Text of statute as originally enacted

Revised text of statute as amended

= Queen Anne's Bounty Act 1838 =

Act of the Parliament of the United Kingdom

The Queen Anne's Bounty Act 1838 (1 & 2 Vict. c. 20) was an act of the Parliament of the United Kingdom that abolished the separate offices of First Fruits and Tenths and transferred their functions and revenues to the Treasurer of Queen Anne's Bounty, consolidating the collection of first fruits and tenths under a single administration for the augmentation of the maintenance of the poor clergy of the Church of England in England and Wales.

== Provisions ==
=== Abolition of the offices of First Fruits and Tenths ===
With effect from 24 December 1838, section 1 of the act abolished the office of Remembrancer of First Fruits and Tenths, the offices of Collectors or Receivers of First Fruits and Tenths, and the clerkships attached to them. Section 3 made the Treasurer of Queen Anne's Bounty the sole collector of first fruits and yearly tenths in their place, and section 5 of the act transferred to the treasurer the duties previously performed by the abolished offices. Section 10 of the act preserved the effect of earlier enactments relating to first fruits and tenths, except so far as they were altered by the act.

=== Compensation ===
Sections 11 to 15 of the act provided for compensation to be paid, out of the funds of the Governors of the Bounty of Queen Anne, to Henry Warre, the Remembrancer of First Fruits and Tenths, and to the collectors and clerks whose offices were abolished, the amount in each case to be settled by the Lord High Treasurer or the Commissioners of the Treasury. The average annual emoluments of the officers concerned, and the expenses of the two offices, amounting in total to £2,022 18s. 11d. a year, were set out in the schedule to the act.

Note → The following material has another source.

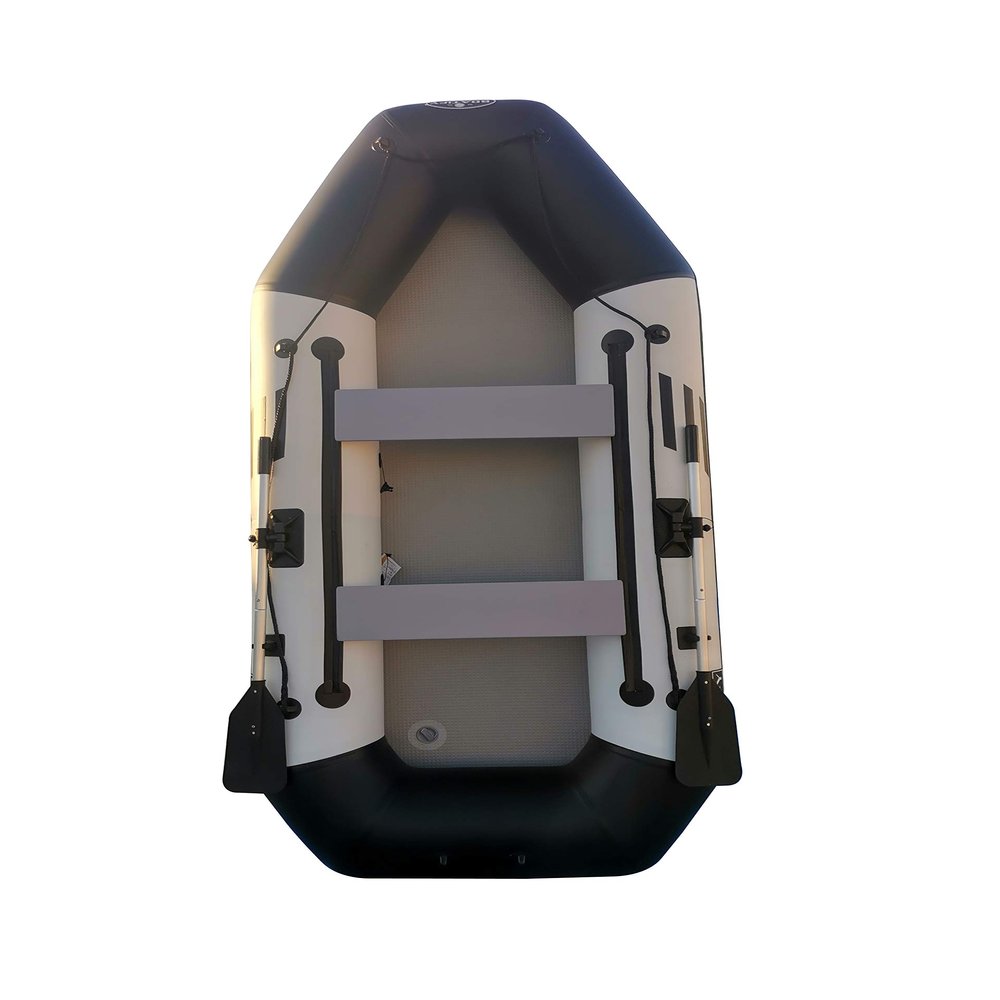 7.5ft Inflatable Fishing Boat Raft Dinghy Pontoon with Air Floor with Motor Bracket
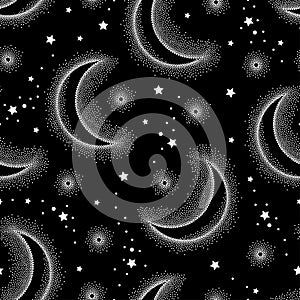 Vector seamless pattern with dotted half moon and stars in white on the black background. Design with astronomy symbol in dotwork.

=== Governance and administration ===
Section 16 of the act made the Bishop of Ripon, and the bishop of any future new see founded in England or Wales, a governor of the Bounty of Queen Anne. Section 17 required the governors to hold an annual general meeting, and section 18 required them to lay an annual account of their receipts and disbursements before the Sovereign in Council and both Houses of Parliament. Section 19 empowered the Crown, on the recommendation of the governors, to make rules and orders for collecting the revenues and regulating the duties of the treasurer and his clerks. Sections 20 to 23 authorised short forms of deed for purchases and grants of stipends made by the governors for the augmentation of small livings, and empowered the governors to have such deeds enrolled in the Court of Chancery.

== Subsequent developments ==
Section 21 of the act was repealed by section 1 of, and the part II of the schedule to, the Statute Law (Repeals) Act 1971, which came into force on 27 July 1971.

The whole act was repealed by section 1(1) of, and part 6 of schedule 1 to, the Statute Law (Repeals) Act 2004, which came into force on 22 July 2004.